The bill approved in committee on Thursday would require districts be drawn on the basis of “one person, one vote.”
Hegeman said the point of the change would be to forgo the use of total population to draw districts in order to leave out non-citizens.
“Not the total population,” he said. “Not the illegals that are here.”
But election law experts say the revision could likely result in a redistricting process that excludes other non-voters, most notably children. That would advantage older, rural areas of the state that tend to vote Republican.
Hegeman objected to the idea that children wouldn’t be counted Thursday. But in January, when asked during debate in the Senate what the impact of the “one person, one vote” provision would be he said, “the people that are able to vote are the people that are counted.”
The Missouri NAACP submitted testimony to the committee saying more than 90 percent of those excluded if Missouri draws districts based only on voting-age citizens would be children who are American citizens.

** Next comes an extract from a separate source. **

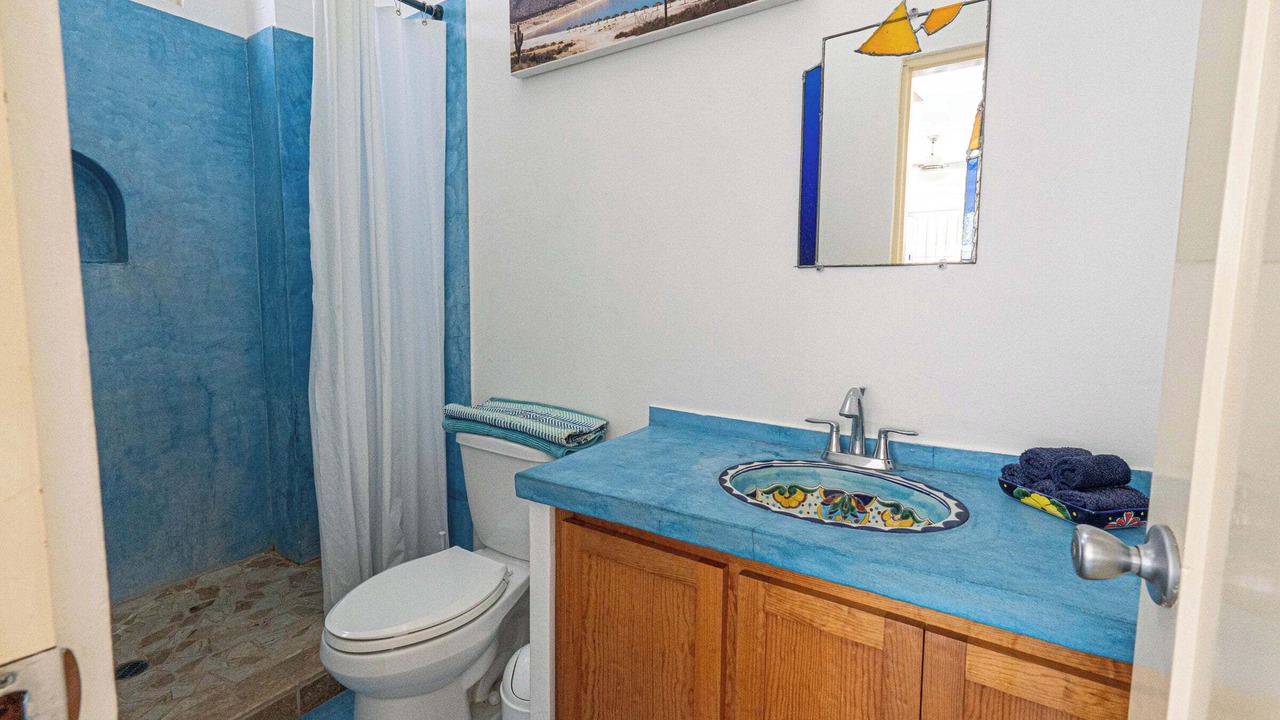 Photo of Bathroom in La Ventana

And more than a quarter of Missouri’s black population and more than a third of the state’s Latino population would not count, the group contends, because they have higher proportions of people under 18.
“It would make redistricting in Missouri less protective of communities of color and less independent of partisan politics, and would result in less fair maps,” the NAACP testimony said. “What is more, the resolution would threaten Missouri’s longstanding practice of counting everyone.”
‘False goods’
In addition to redistricting changes, the bill approved by the Senate also lowered caps on lobbyist gifts to lawmakers and campaign contributions that were enacted as part of Clean Missouri.
Rep. Nick Schroer, R-O’Fallon, argued the Clean Missouri campaign was misleading because it focused on these popular ethics reforms proposals instead of the redistricting provisions.
“They were sold false goods,” he said of Missouri voters.
Behind-the-scenes, there are discussions about the House including another provision in the legislation. It would ask voters to change the state constitution to say that “only” U.S. citizens can vote. The constitution currently says “all” citizens can vote.
The Republican behind that idea, Rep. Curtis Trent of Springfield, has argued the change is needed to ensure undocumented immigrants can’t vote.
Critics of the change say it is meaningless and is only being included to stir anti-immigrant sentiment during an election year.
Secretary of State Jay Ashcroft’s office clarified earlier this year under current state law, “you have to be a citizen to register to vote.”
If the bill is changed in the House it will need to be approved by the Senate again before going on the ballot.